The Rugby Paper

Radical thinking required to make the game safer

- SHANE WILLIAMS WALES AND LIONS LEGEND

It was harrowing reading about my old teammate Ryan Jones last weekend. I’m sure everyone has caught up with his story and was probably as shocked as I was that he had been diagnosed with both early-onset dementia and probable chronic traumatic encephalop­athy (CTE) at the age of 41.

Reading about him describing his current concerns and his fears for the future was devastatin­g. When you’ve been in the trenches with someone for so long and on so many fronts you only ever remember them at their best. And at his best, Ryan was one of the finest back row forwards in the world. Three Grand Slams, four Celtic Rugby titles a British & Irish Lions tour and 33 games as Welsh captain says all you need to know about him.

He went on to earn an OBE for his charity work after handing up his boots and even came to Tenby to do the Ironman Wales with me a couple of times. Talented, selfless, totally committed and very, very astute, he led with understate­d authority and from the front.

But everyone knew that before I wrote it, and I don’t want this to turn into an obituary. What he told us made us all sit up and take notice and that’s what World Rugby has to do – take notice and take action!

There are now three high-profile players who I played with during my career who are suffering from CTE. Ryan’s news came on top of the well documented cases concerning my 2003 Welsh World Cup teammate Alix Popham and my 2005 Lions colleague, Steve Thompson.

Is rugby union becoming akin to Russian Roulette? How many more cases are we going to read about? Now is the time for action – more research, more law changes and maybe even compulsory headwear.

It’s all very well having special mouthguard­s to assess for concussion, but why not bring in scrum caps for all? You see more and more youngsters wearing them and whatever is good enough for Cheslin Kolbe, Tadgh Beirne, Jonathan Davies, Rory Best and James Haskell should be good enough for all.

The game simply can’t afford to have any more sad stories like this. It could lead to mums and dads turning their kids towards other sports. We all chose to play the game we love, but none of the players from my era were really aware of some of the potential implicatio­ns we are now hearing about. It might well have altered my view if I knew then what I’ve read about of late.

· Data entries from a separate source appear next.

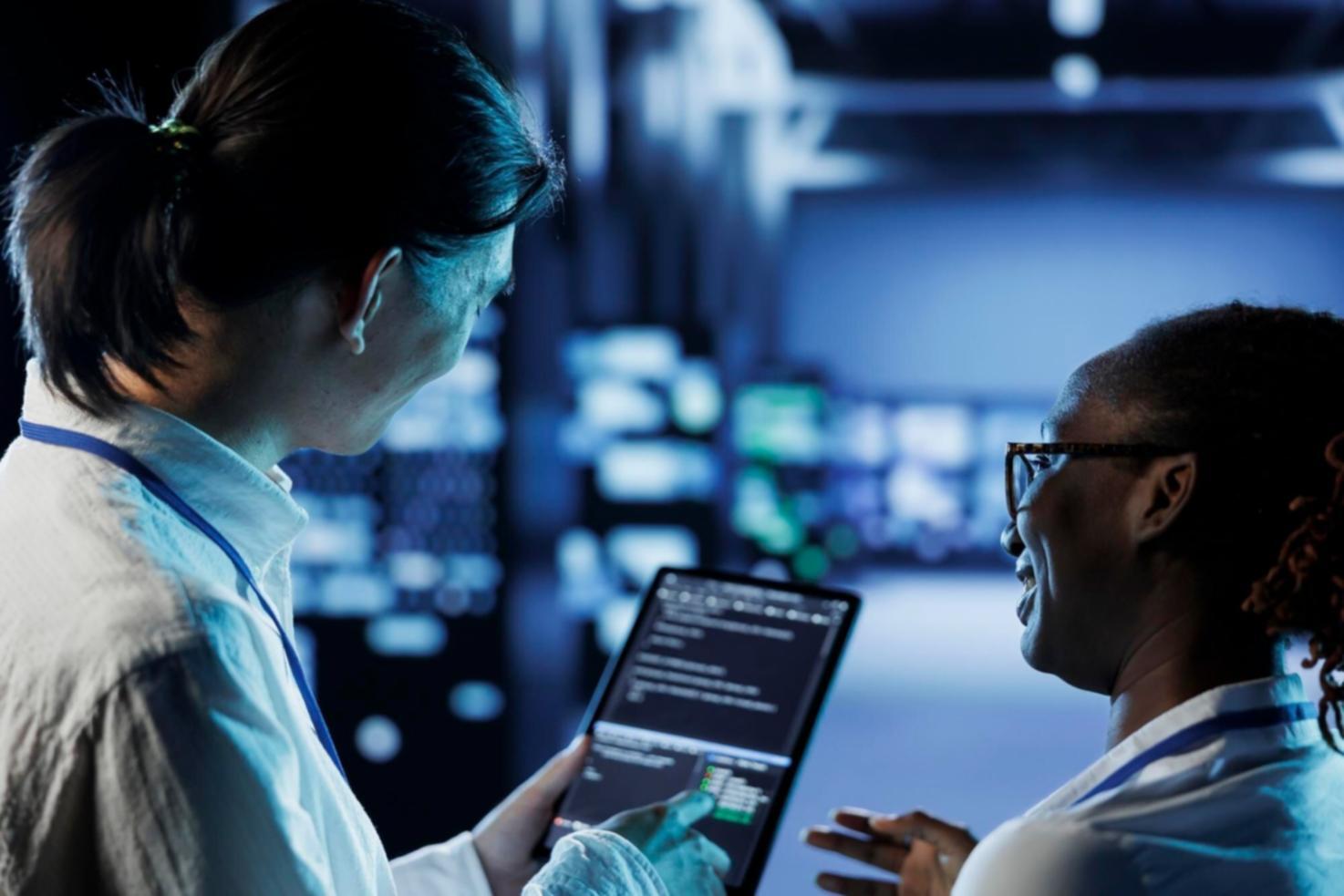 Spazio di lavoro con postazioni per sviluppo 3D e game design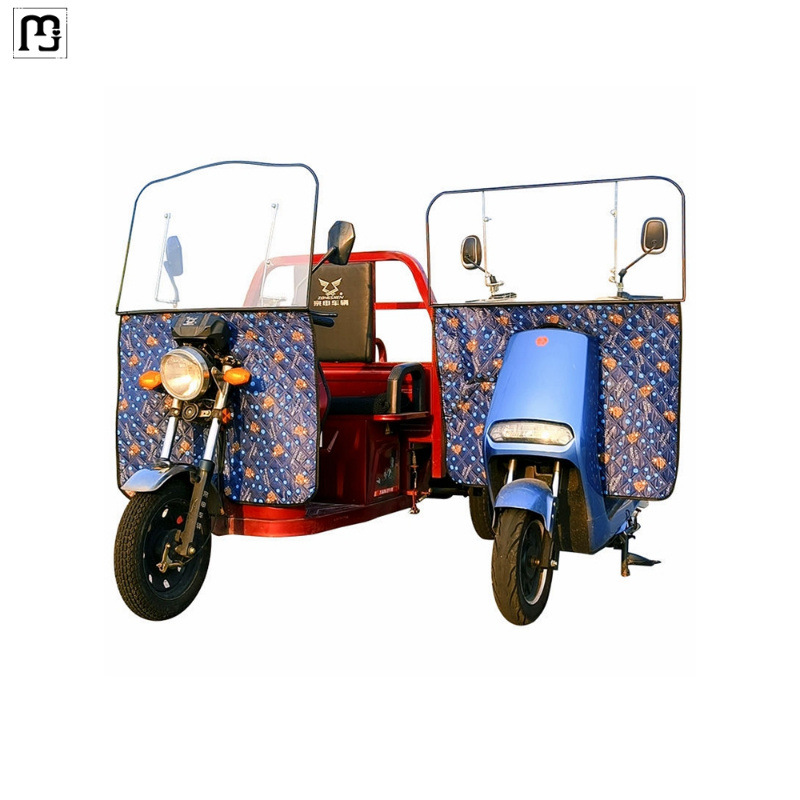 楠贸摩托车电动三轮车挡风雨板电瓶车通用前挡风镜硬挡风玻璃透明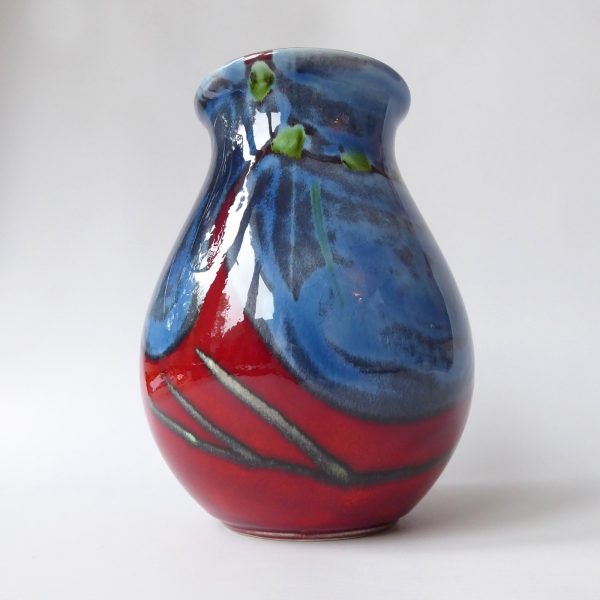 Himalayan Poppy Poole Pottery ceramic vase, red blue, signed AX SW, 17cm painted - Image 5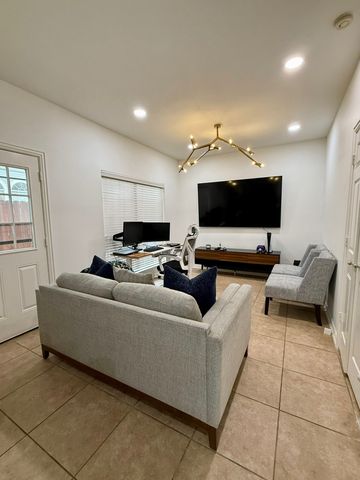 417 Moonlight Way, Irving, TX 75063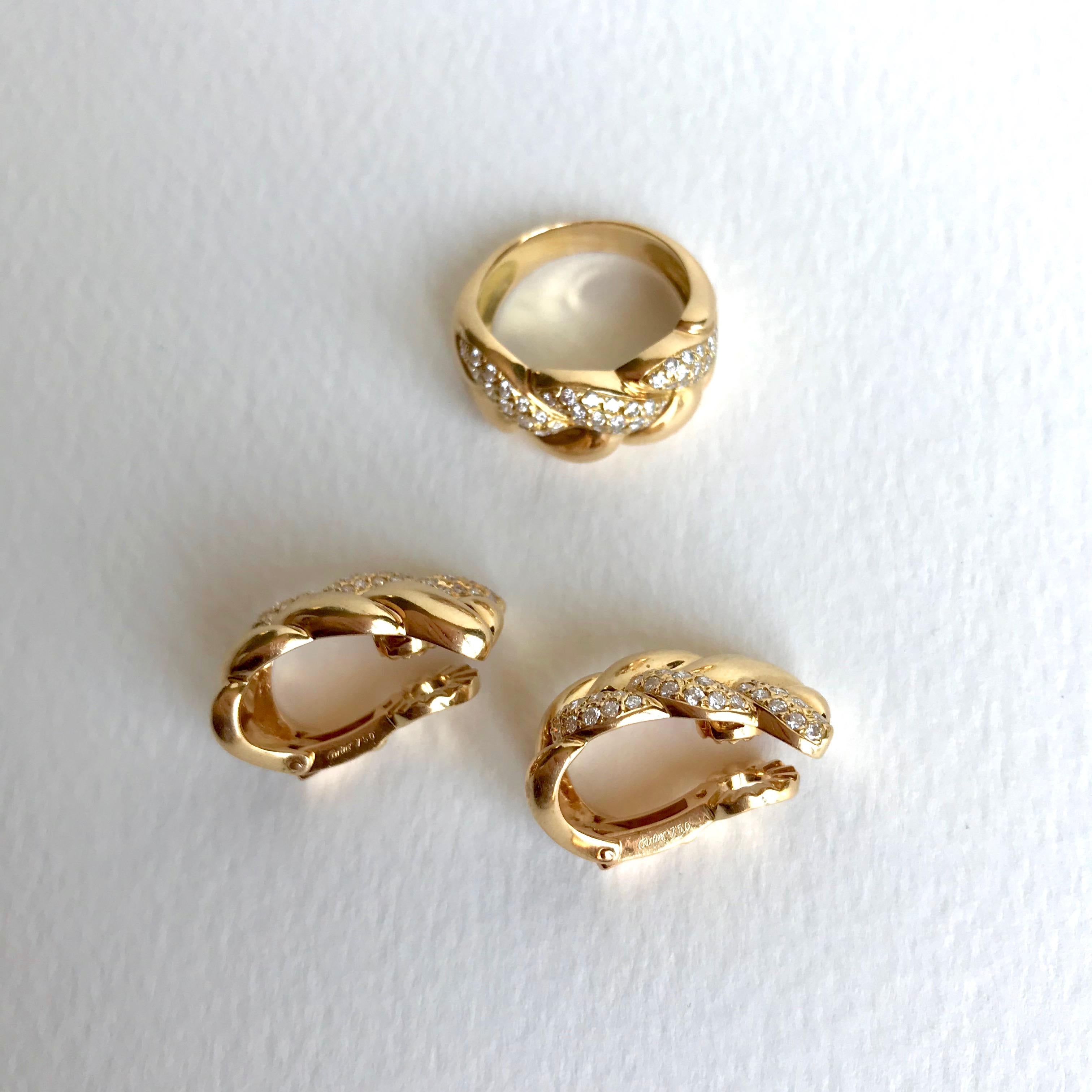 Cartier Set aus 18 Karat Gelbgold und Tresse-Diamanten Ohrringe und Ring im Angebot 4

Is it time for players to undergo compulsory brain scans once a month, or at regular intervals, to see if problems can be identified before it becomes too late? Everyone talks about having a duty of care to the players, and things are much better now than they were even five years ago, but it is going to take some radical thinking to find a solution that keeps players like Steve, Alix and Ryan safer in the future.

It was Benjamin Franklin, one of the founding fathers of America, who claimed ‘an ounce of prevention is worth a pound of cure’. That’s a phrase the law makers, club coaches and players should keep turning over in their heads.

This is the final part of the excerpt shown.